The conservative news site Breitbart.com was quick to point out that another of DJ Laz’s nicknames is “pimp with a limp," and that Obama had time to talk football during the appearance but made no mention of 9/11 itself.

Meanwhile, the candidates traded veiled, long-distance shots at each other’s positions. In his speech in Reno, Romney said it was not the time or place to detail differences with his opponent, but continued on to criticize defense cuts scheduled to take place next year as part of the automatic budget “sequester," while saying the current end game for the war in Afghanistan lacks a clear mission.

In his own remarks at the Pentagon Memorial, Obama noted that “Osama bin Laden will never threaten us again." That’s an obvious point to mention in such a speech, but it also got mentioned quite a bit from the podium at the DNC in Charlotte.
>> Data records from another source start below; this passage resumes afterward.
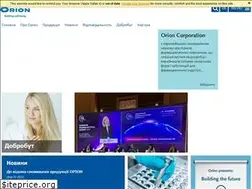 Sites similar to orionpharma.com.ua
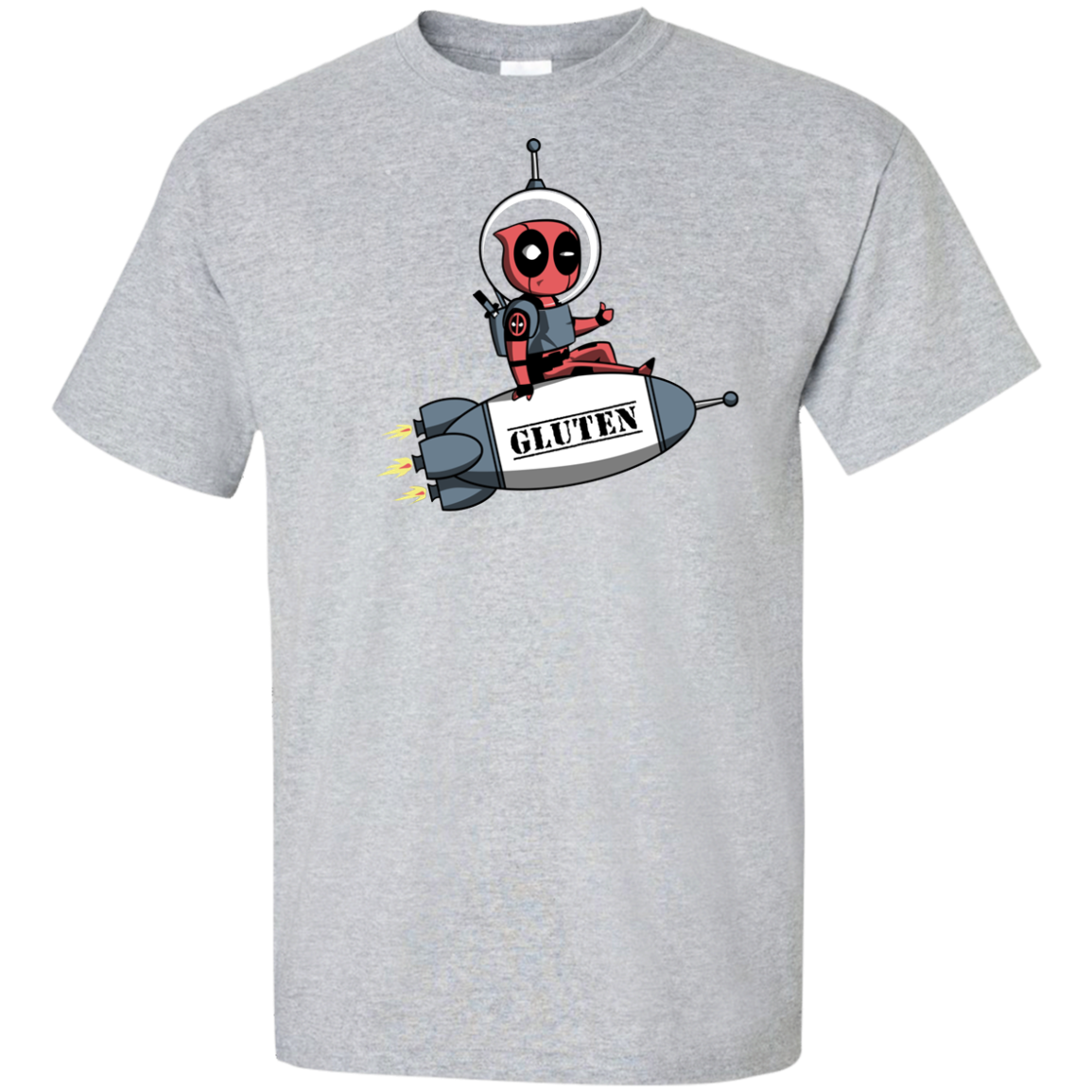 Gluten No More Tall T-Shirt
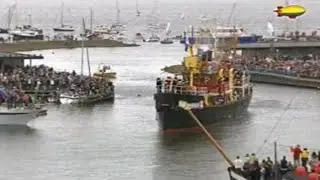 Landelijke Intocht Sinterklaas Almere (2008)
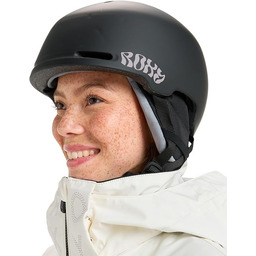 Roxy Kashmir - śnieżny kask narciarski - damski
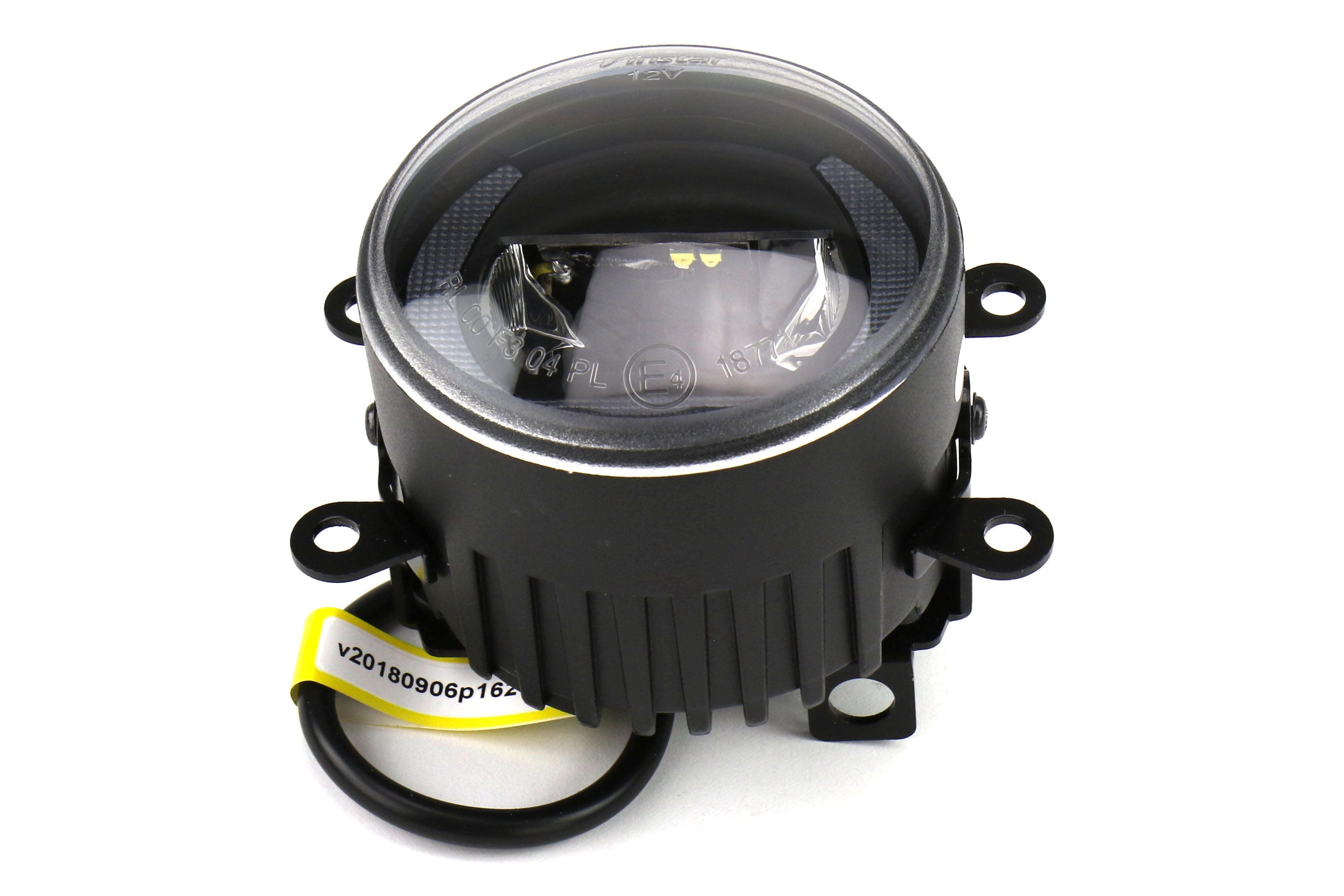 OLM LED / Corona Ring DRL Fog Light Housings - 2015-2021 WRX STI / 13-15 FR-S BRZ / 2014-2018 Forester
Why the continued, sub-rosa campaigning? Well, modern presidential campaigns engage in ferocious political combat, and it’s hard to turn that off. Much political advocacy now occurs in small bites now anyway, via targeted e-mails, segmented Internet ads, direct mail appeals to specific groups, and so forth. It’s not all about ad buys in Colorado and whistle-stop speeches to hundreds of supporters.

Plus, the eleventh anniversary of 9/11 may mark a turning point of sorts. Many of the official ceremonies this year, even those at Ground Zero, were smaller than those of 2011’s tenth anniversary, wrote Vivian Yee yesterday in The New York Times.

“Even where the annual ceremonies are continuing largely unchanged, organizers are anticipating the day when the anniversary may be marked more quietly,” wrote Ms. Yee.

After all, as the event becomes more distant, it’s natural that society’s grief will lessen, adds Jen Doll at The Atlantic. But even so, it’s important to remember that’s not true for everyone, especially those who lost loved ones on what was a cruelly beautiful, yet awful day.

“As we talk of moving on and scaling back we should remember that there are plenty of people for whom, since that day in 2001, some things are forever unchanged,” writes Ms. Doll.